### Data listing:

/---

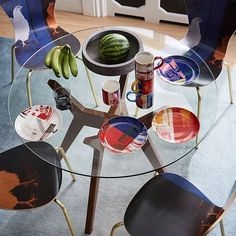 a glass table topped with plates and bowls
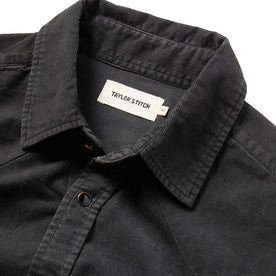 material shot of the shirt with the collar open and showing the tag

\---
/---

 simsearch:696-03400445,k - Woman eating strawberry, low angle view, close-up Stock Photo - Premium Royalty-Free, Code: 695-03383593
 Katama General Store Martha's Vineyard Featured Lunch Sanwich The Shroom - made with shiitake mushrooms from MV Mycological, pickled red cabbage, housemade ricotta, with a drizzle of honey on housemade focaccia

\---
/---

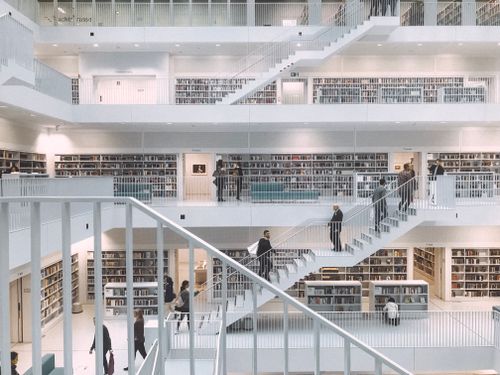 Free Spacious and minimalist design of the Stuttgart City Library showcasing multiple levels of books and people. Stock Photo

\---

### Work item:
Write out word for word the lines of the listing above from the line with "a glass table topped with plates and bowls" to the line with "material shot of", taking in both of those lines but no pictures.

### Answer:
 a glass table topped with plates and bowls
 material shot of the shirt with the collar open and showing the tag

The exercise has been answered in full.